Task goal ▸
From the material below, copy exactly the lines beginning with the one that contains "Normally, to start" and ending with the one that contains "Another option are"; the pictures stay out.

- - - - -

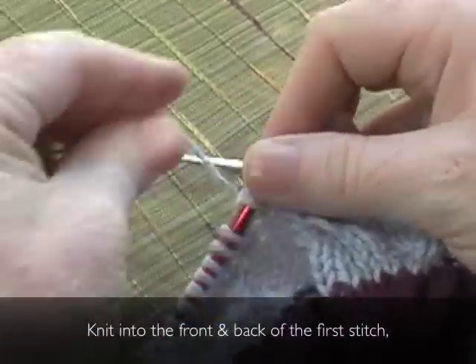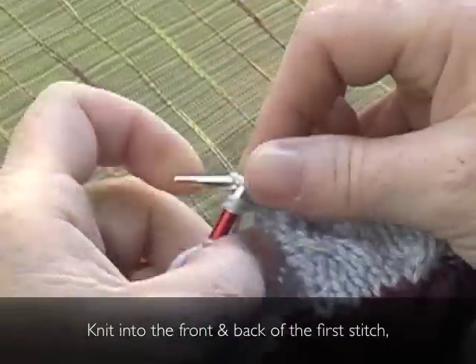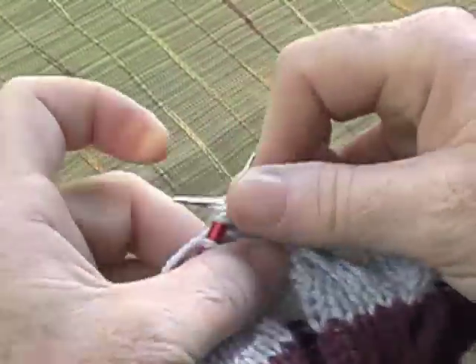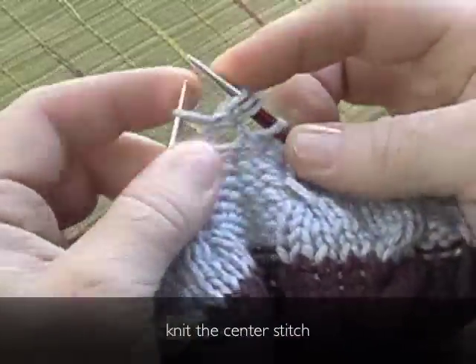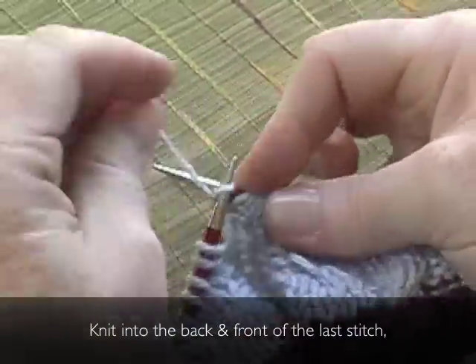Next bobble row. Knit into the front and the back of the first stitch. Knit the center stitch. Knit into the back and front of the last stitch.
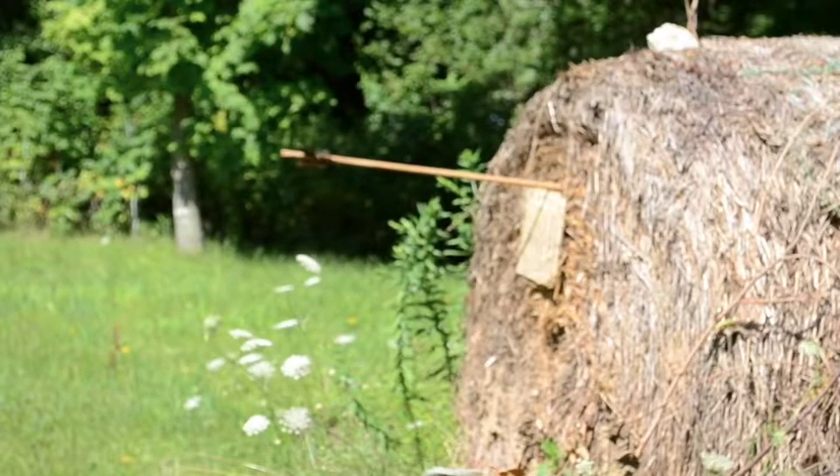Hello there. Here I am testing the third iteration of my wooden armor.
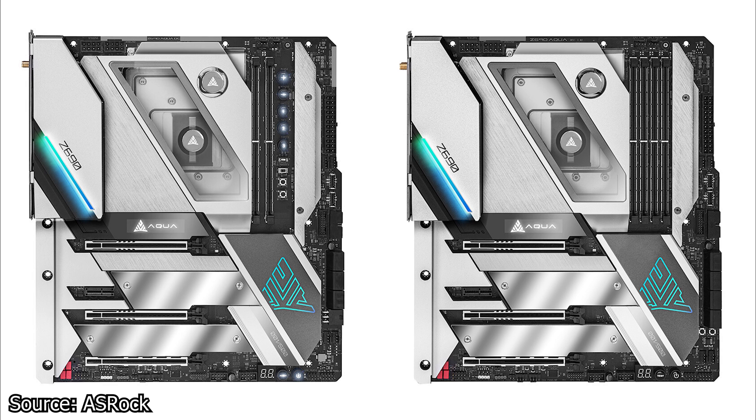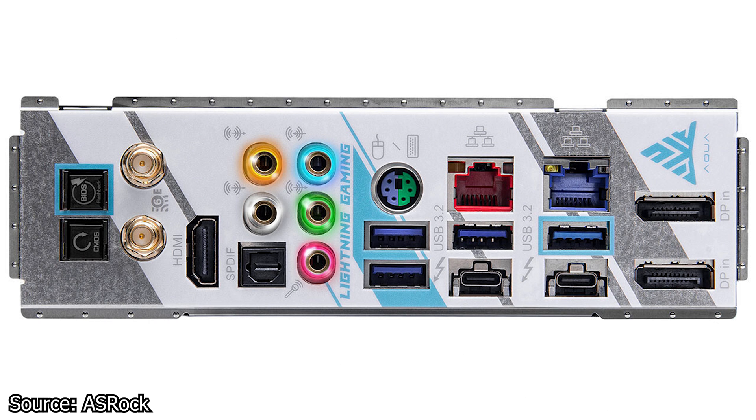Another difference between these two motherboards is at the back on the IO panel. While the regular Aqua has four USB 3.2 type ports, the OC model has only two, because the space for the other two is taken by — no joke — a PS2 port. And before you say that this is useless, it isn't. The PS2 port is heavily used in extreme overclocking, as a USB device requires a driver to function, while a PS2 device will always work no matter the circumstances. The pricing is not yet known, but judging by the previous Aqua motherboards, these two will not be cheap.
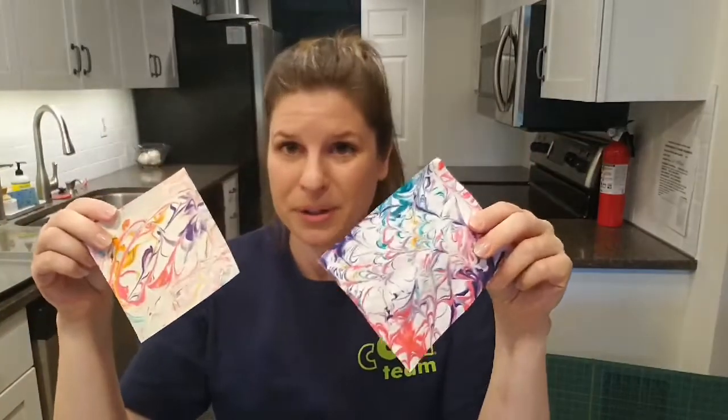Hi everyone, I'm Marci, Kosai's Director of Science Content. I hope you all have enjoyed Kosai's Digital Science Festival so far. Today, in honor of our big at-home science celebration, I am doing some science at home. I'm going to show you how I am making marbled paper using just a few things I already had around the house.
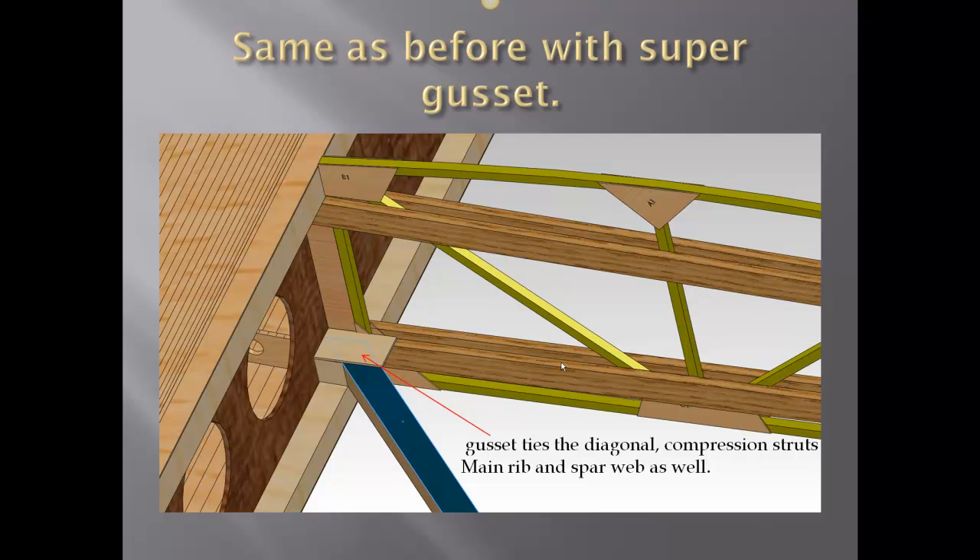Here it's showing the top gusset, where we're tying the diagonal, the compression struts, the main rib, the spar web, as well as the fill-in block in front of the wing rib. Everything's coming together here.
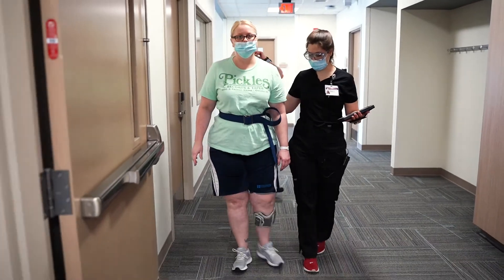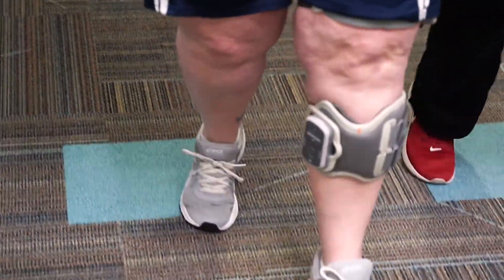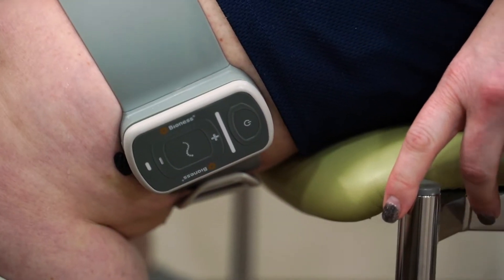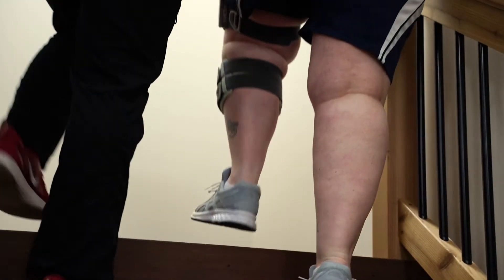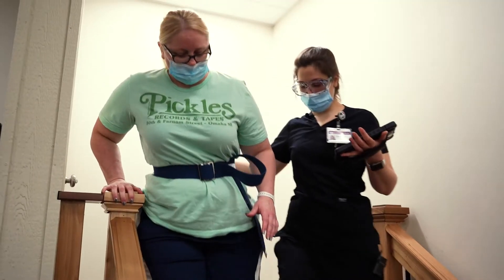It makes you think — every time you feel that shock, it makes your muscle contract and it kind of moves your leg how it's supposed to move, and then your brain can kind of connect with that and say, oh, that's right. And then when you're walking even after that, it's something that you're thinking about a little bit more.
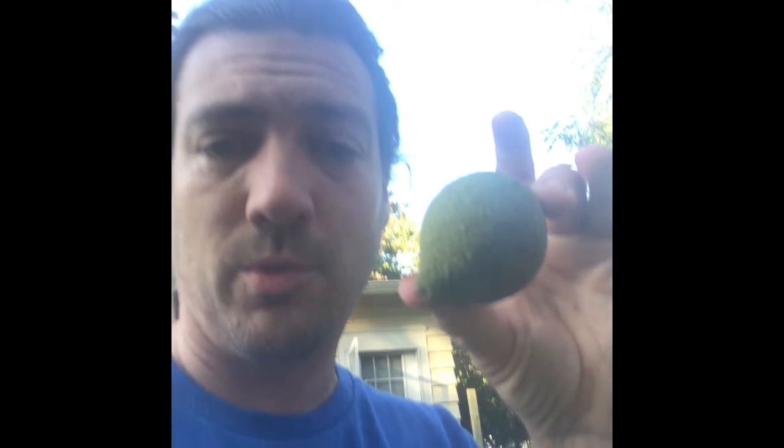Before shelling, they look like this — this is a smaller one. We have huge walnuts and small ones; just had a couple more drop off the tree. After you crank it through, they look like this.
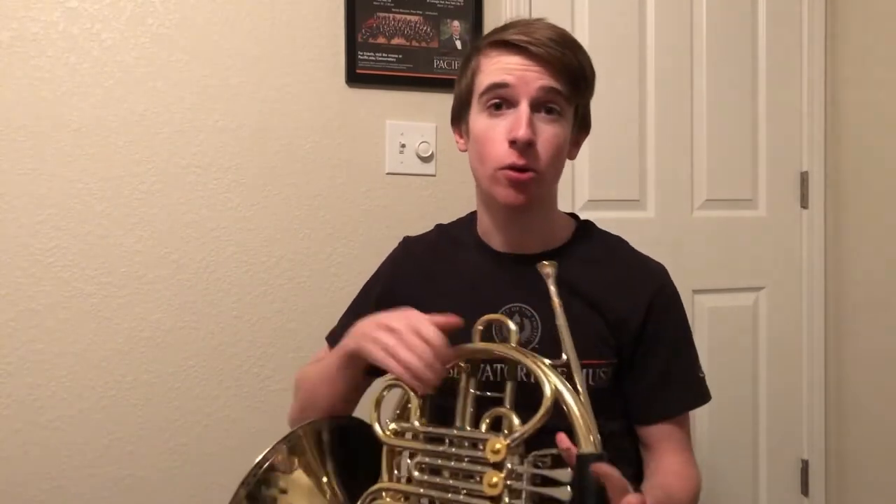Normally, to start notes on a brass instrument, you say DA or TA while you begin your sound. That gives us a nice clear start to the note. I can do a bunch of them in a row to go fast. And if I play it on the horn, it sounds like this.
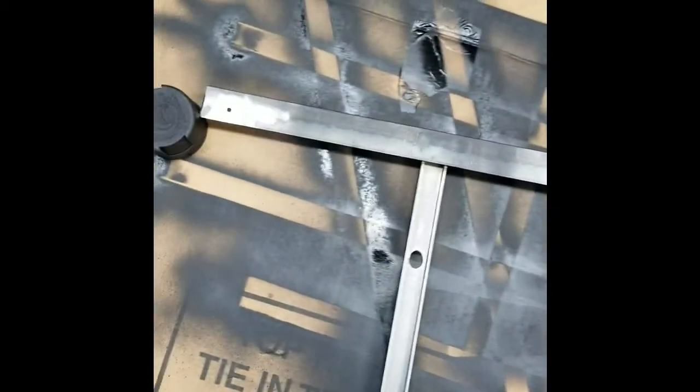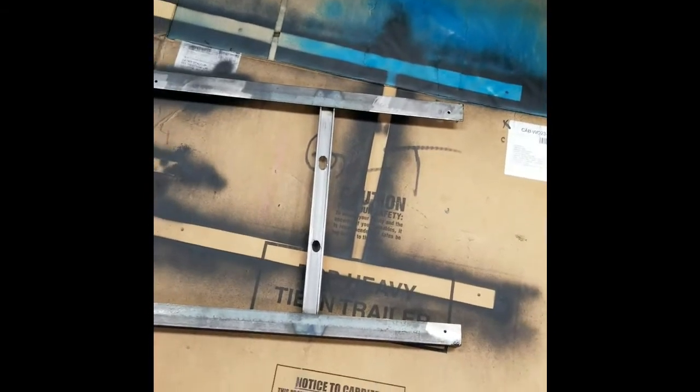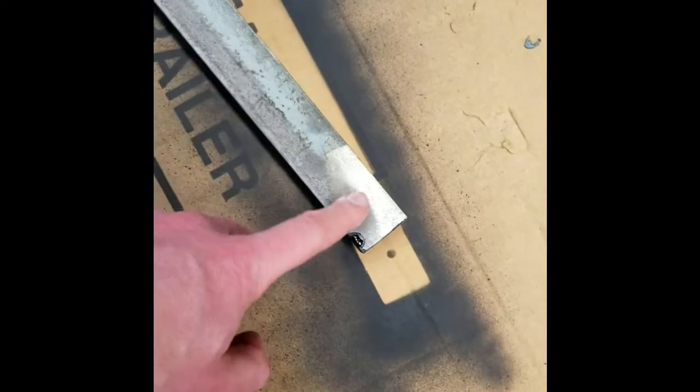This is the base I made. It will go on the ceiling facing down and screw to the ceiling, with the back up against the wall. I took some angle iron and cut it long enough to reach three joists, so when I mount it there'll be one joist at the front, one in the middle, and one at the back — both front and back — giving six attachment points.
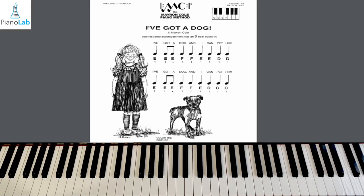Hello and welcome to Lesson 8, page 59. This is the song titled 'I've Got a Dog' in the Pre-Level 1 book. Today we're going to continue our review of our new note F, and also C, D, and E.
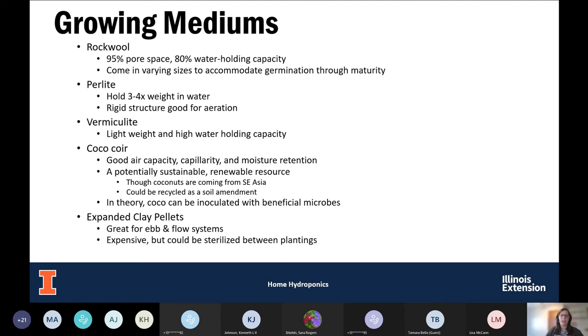Another option are the expanded clay pellets — these were used in the ebb and flow system shown earlier. They are expensive, which is one downfall, but they can be sterilized between plantings, which makes them good at preventing the spread of diseases in your systems between harvests.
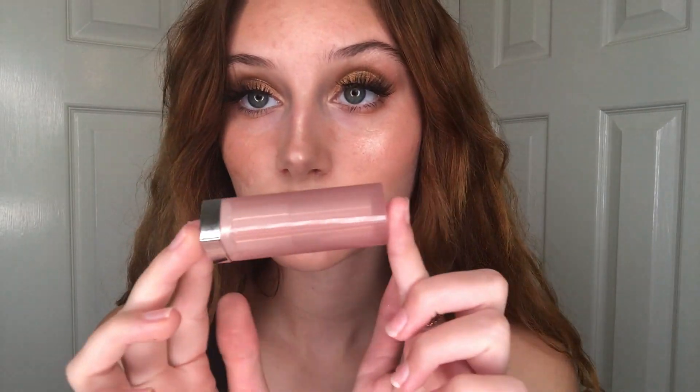Going in with lips — I don't know what that pencil is. Looks like I got a text message, nice. Going in overlining 'cause we like that Kylie vibe. Going in with that — don't know what that is either, it's just lipstick. Then going in with this Morphe lip gloss.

- - - - -

Answer for the task ▸
Normally, to start notes on a brass instrument, you say DA or TA while you begin your sound. That gives us a nice clear start to the note. I can do a bunch of them in a row to go fast. And if I play it on the horn, it sounds like this.
This is the base I made. It will go on the ceiling facing down and screw to the ceiling, with the back up against the wall. I took some angle iron and cut it long enough to reach three joists, so when I mount it there'll be one joist at the front, one in the middle, and one at the back — both front and back — giving six attachment points.
Hello and welcome to Lesson 8, page 59. This is the song titled 'I've Got a Dog' in the Pre-Level 1 book. Today we're going to continue our review of our new note F, and also C, D, and E.
Another option are the expanded clay pellets — these were used in the ebb and flow system shown earlier. They are expensive, which is one downfall, but they can be sterilized between plantings, which makes them good at preventing the spread of diseases in your systems between harvests.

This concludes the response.